Loyal V-Z readers will know that I served for several years at Marsh Chapel at Boston University, site of the infamous 'Good Friday' Experiment. One of the participants in this Experiment is still on the faculty at Boston University School of Theology, and still refuses to speak about it publicly. Privately, however, he assures this AV-P reporter that he was not in the control group, and 'shroomed intensely for most of the afternoon and into the evening. If you are at BU, go into Marsh Chapel and ask to be shown Robinson Chapel, where the volunteers were given their test substances, and where one of the most famous group trips was ever taken.
From our good friends at Wikipedia:
The Marsh Chapel Experiment (a.k.a. "the Good Friday Experiment") was run by Walter N. Pahnke, a graduate student in theology at Harvard Divinity School, under the supervision of Timothy Leary and the Harvard Psilocybin Project. The goal was to see if in religiously predisposed subjects, psilocybin (the active principle in psilocybin mushrooms) would act as reliable entheogen.

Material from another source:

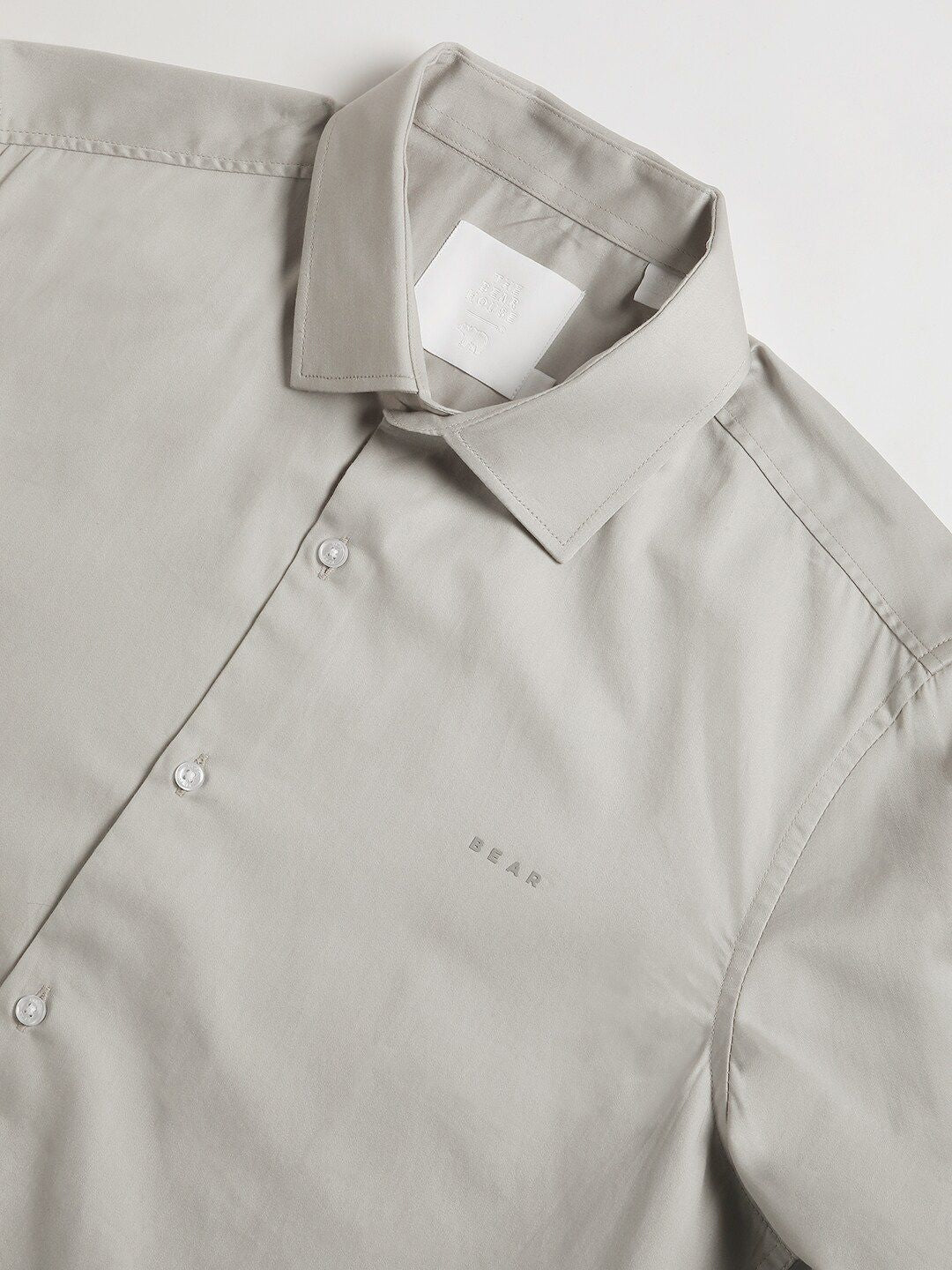 THE BEAR HOUSE Spread Collar Cotton Slim Fit Formal Shirt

The experiment was conducted on Good Friday, 1962 at Boston University's Marsh Chapel. [1] Prior to the Good Friday service, graduate degree divinity student volunteers from the Boston area were randomly divided into two groups. In a double-blind experiment, half of the students received psilocybin, while a control group received a large dose of niacin. Niacin produces clear physiological changes and thus was used as a psychoactive placebo. In at least some cases, those who received the niacin initially believed they had received the psychoactive drug.
However, the feeling of face flushing (turning red, feeling hot and tingly) produced by niacin subsided over the first hour or so. Meanwhile, the effects of the psilocybin intensified over the first few hours. Almost all of the members of the experimental group reported experiencing profound religious experiences, providing empirical support for the notion that psychedelic drugs can facilitate religious experiences.
In 2006, a more rigorously controlled version of this experiment was conducted at Johns Hopkins University by Roland R. Griffiths, Ph.D., yielding very similar results.
Footnotes and other links here...
http://en.wikipedia.org/wiki/Marsh_Chapel_Experiment
Hi, i desing blotter
http://blotterartpastora.blogspot.com
by
Hola Pastora de Chile!
Me gusta tu Blotter Art blog!! Muy lindo!
Bienvenido a Planet Vleeptron!
Cuidado los beavers de Patagonia!!!
http://vleeptron.blogspot.com/2006/05/millions-of-beavers-marching-north.html
Huh?
This will not actually have effect, I think so.